20. A method of manufacturing homeopathic compositions or high dilution preparations according to any one of claims 8 to 19, characterized in that the control substance consists of an enzyme, the presence of which is advantageously detectable by its chromogenic activity.

21. Process for the manufacture of homeopathic compositions or high-dilution preparations according to any one of claims 8 to 20, characterized in that the enzyme is chosen from peroxidase, is in particular horseradish peroxidase, detectable by its reactivity with the substrate D-phenylene diamine in H ₂ O ₂ medium.

22. Method for obtaining a dilute solution (mixture) having an average activity, characterized in that successive determined dilution solutions obtained according to any one of claims 1 to 6 or 8 to 21 are mixed, each solution being of different dilution, but corresponding to the same dilution scale.

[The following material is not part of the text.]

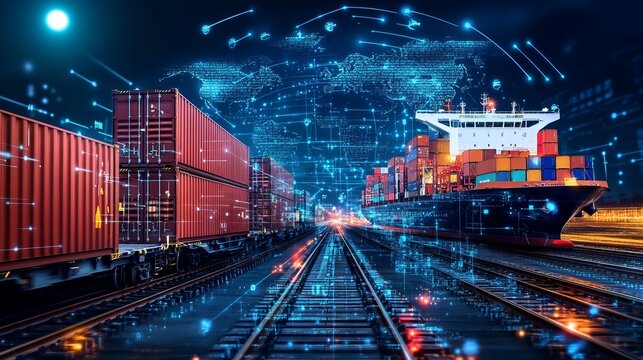Global Logistics: A fusion of rail transport, cargo ship, and data visualization signifies the interconnectedness of global trade and supply chain management.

23. A method of increasing the activity of a determined dilution solution in which the determined dilution solution is obtained according to any one of claims 1 to 6 or 8 to 21, characterized in that a dilution solution determined at a single high dilution.

24. Method for increasing the activity of a dilute solution (mixture) in which the dilute solution is obtained according to claim 22 and in which the determined dilution solutions used are obtained according to any one of claims 1 to 6 or 8 to 21, characterized in that said mixture is subjected to a single high dilution.